◆ Data segment
───

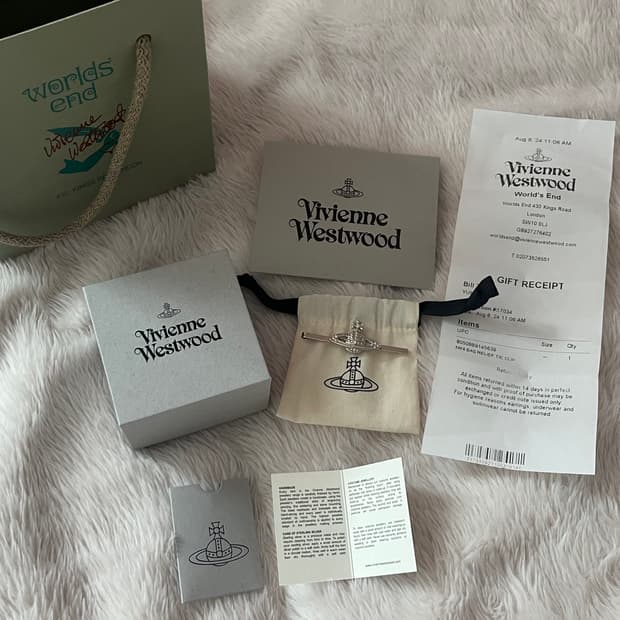 정품 비비안웨스트우드 미니 바스 릴리프 타이 클립 실버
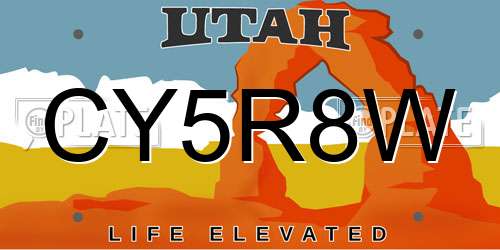 CY5R8W Utah License Plate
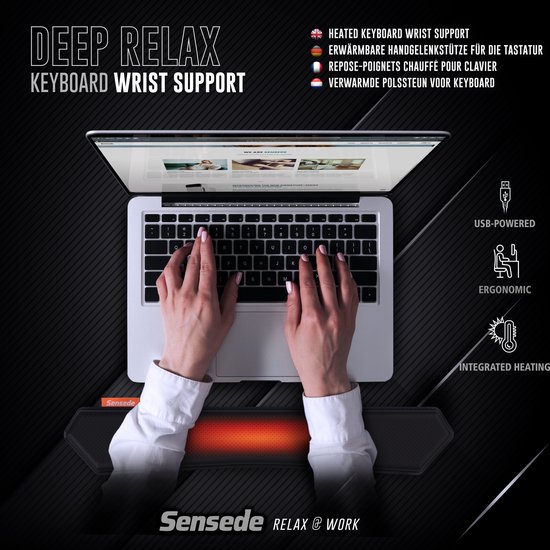 Repose-poignet pour clavier chauffant ergonomique Sensede USB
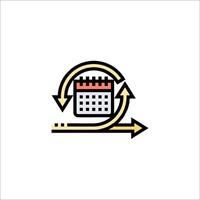 A calendar icon with arrows pointing to it vector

───

◆ Your instructions
Write the data above out again exactly, minus its pictures.

◆ Your solution
 정품 비비안웨스트우드 미니 바스 릴리프 타이 클립 실버
 CY5R8W Utah License Plate
 Repose-poignet pour clavier chauffant ergonomique Sensede USB
 A calendar icon with arrows pointing to it vector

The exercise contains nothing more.